The end result of first sifting through our pile of fear, then shifting it into light, is joy! We have now opened ourselves to receive more of the Universal Source of Abundance, that I call the Light of Love, Joy and Truth. Let me give you my most recent example:

For weeks I played with my little demons called fears. In my daily life challenges, and in my dreams, I worked with shifting the energy that clutched my heart and throat, going to the source of the pain, and bringing it out to light. It wasn’t fun, playing with this last patch of fears.  As I sifted through them, they brought me back to my childhood in this lifetime, they brought me way back to distant past lives. They danced in my dreams and I woke up to a heart thumping with exertion.

I even shifted the energy in my home, with the help of a gifted friend. I burned clutter that was weighing me down, asking the fire spirits to transmute its energy. I rearranged and sorted, nothing too drastic, but all with the intention of bringing in more “light” and abundance.

As the shift started taking effect, the metaphorical pile, with its bulky weight, lightened, transforming into a path of abundance. 4 crows and a hawk appeared in the sky while I walked, followed days later by an unexpected surprise in my email box. WordPress had Freshly Pressed one of my erasure poems. I was pleased, but didn’t hold on too tightly to the tether of hope, instead I released it and a few days later my inbox was flooded. 400 pages views in one day on a single poem (I was lucky to get 10 before), over a hundred likes, numerous comments and reblog notices appeared, and the flow has continued with each day. My audience has grown by hundreds, without any direct effort on my part. I simply cleared the clutter abstracting the path.  I brought in more light.

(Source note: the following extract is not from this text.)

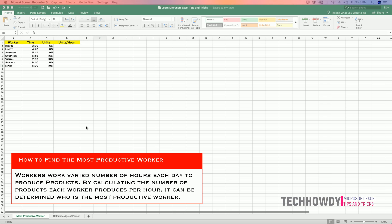That's because every employee in the company will work at least for one hour. By doing this, we would be able to determine the most productive employee as we would know the total number of units produced by them per hour.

The Gifts of Night #dreams #sleep

I used to go to sleep with Fear. When I was a child, I would check the shadowed corners of my room to see if a ghost, or some other unwelcome presence, was lurking there. Three glances for each corner, then I’d quickly tuck myself into bed, pulling the sides of the covers like a cocoon around my head with only my face exposed so I could breathe. My army of stuffed animals stood guard around the perimeter of my bed, yet my heart would often race my frantic thoughts to sleep.

More than the dark, I was afraid of what was hidden inside of it. I was raised with the belief that ghosts were not real and a fear of the dark was irrational, but my fear was real. It stayed with me long into adulthood and has diminished only over the past few years. Before it left me, Worry started moving in to take its place. Since Worry is a companion to Fear, it merely took the upper hand of an already present relationship.

Instead of fearing “imaginary” ghosts and demons, my mind played with Worry. As many of us do, I re-worried past events, going through the day’s circumstances that caused frustration or other unpleasant emotions within me. Instead of letting the past settle, I dug it back up and resisted sleep as I sifted through what I could no longer retrieve. Sometimes, I’d move into the future, creating a world of what ifs and maybes, mostly centered around the emotion of worry.

As I learn to live more fully in the present, I have find it easier to leave Worry and Fear behind when I tuck myself into bed at night. Most nights I go to bed with feelings of relief, gratitude, and expectation. In the soft cocoon of darkness, nestled under my covers (I still tuck them around my head, some habits stick fast), I welcome the unimpeded drift of the mind.

The veil that Ego grips more tightly during the day quietly dissolves at night when our minds drift into the intermediary realm that occurs before sleep takes over. In this space, Spirit moves freely and, when we are open to it, we travel and commune with beings from other realms often overlooked during the daytime. It is a time, I believe, filled with magic.

Art by Karen Kubicko
Art by Karen Kubicko

If  you are used to going to sleep holding the hands of Fear and Worry, try releasing them. Welcome instead the gentle embrace of Love. Imagine what wonders you will find!